Piaget believed that development occurs in exclusive and discrete stages that come sequentially in the life course of a person. These stages also occur at a specific time and equip the child with new capacities (Wadsworth). According to this theory, children are not only passive receivers of knowledge, but they continually investigate and experiment during all their stages of growth. This paper will discuss Piaget’s theory of cognitive development, and its all stages, focusing on the learning of language by the child through this process using suitable examples.
The first developmental stage known as the sensorimotor stage starts with childbirth and remains till the procurement of language. During this stage, an infant shows his intelligence through motor activity having no use of symbols (Wadsworth). For example, he may kick his legs. The child starts physical interactions at this stage and through this develops new intellectual aptitudes. At the end of this stage, the child has started thinking symbolically and has started words and pictures to characterize objects. In the next stage known as the pre-operational stage, the child shows his intelligence by using different symbols and his language gets matures. He now understands the notion of conservation as he is now able to use inductive logic. For example, the child starts speaking the amount of liquid in a short form.

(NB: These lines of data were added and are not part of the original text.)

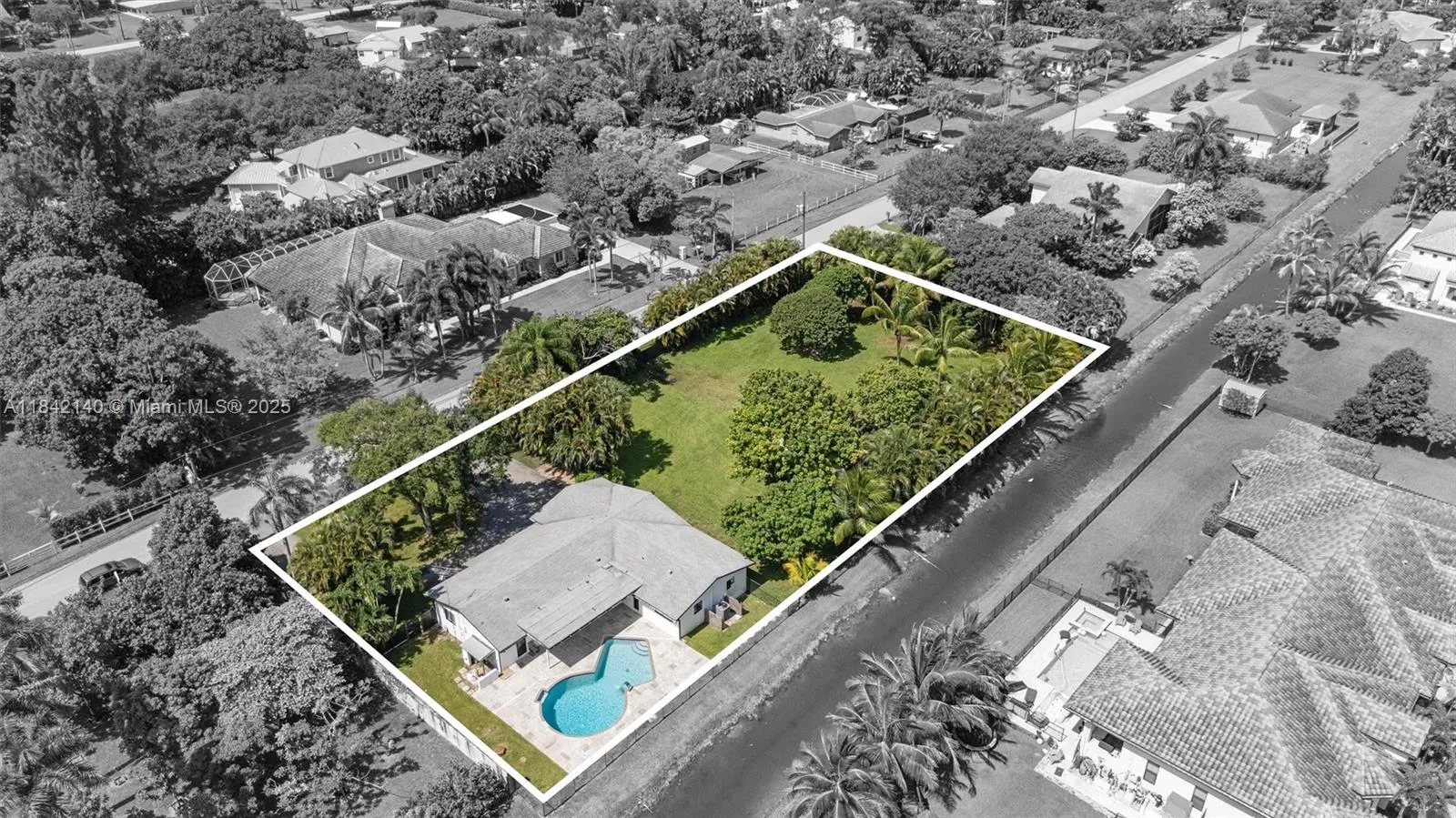 4 bedroom 3 bath for sale at 11811 NW 5th Ct, Plantation FL 33325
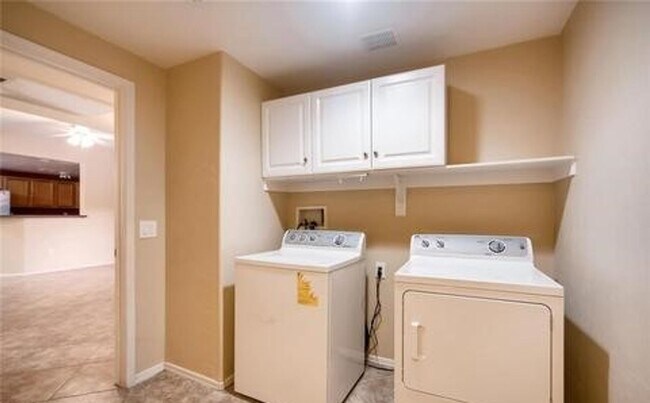 Building Photo - STUNNING GATED CONDO UNIT 1ST FLOOR UNIT W...
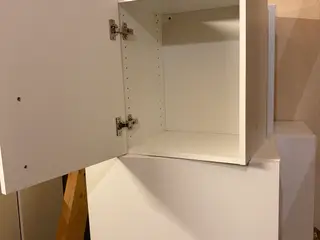 8 stk. helt nye Kvik overskabe Bodo uden hylder.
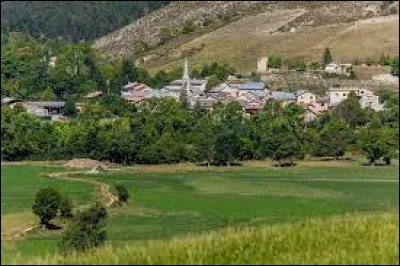 Village de l'arrondissement de Castellane, Thorame-Basse se situe dans le département ...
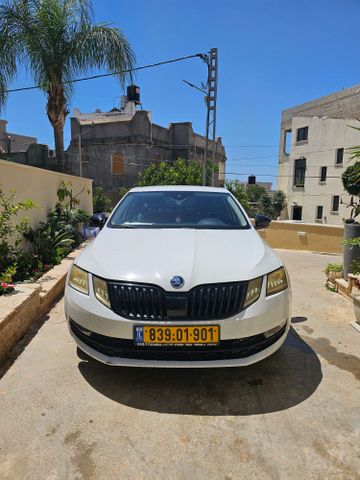 סקודה אוקטביה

Then at the concrete operational stage, a child shows intelligence by the logical use of symbols connected to concrete objects (Wadsworth). He is now a school-going, child. At this stage, he formally learns the language. In the fourth stage, known as the formal operational stage, a child makes logical use of symbols connected through abstract concepts. He has started using deductive logic. For example, a child can now ask his parent to take him hovering in the air as birds do.
Wadsworth, Barry J. Piaget’s theory of cognitive and affective development: Foundations of constructivism. Longman Publishing, 1996.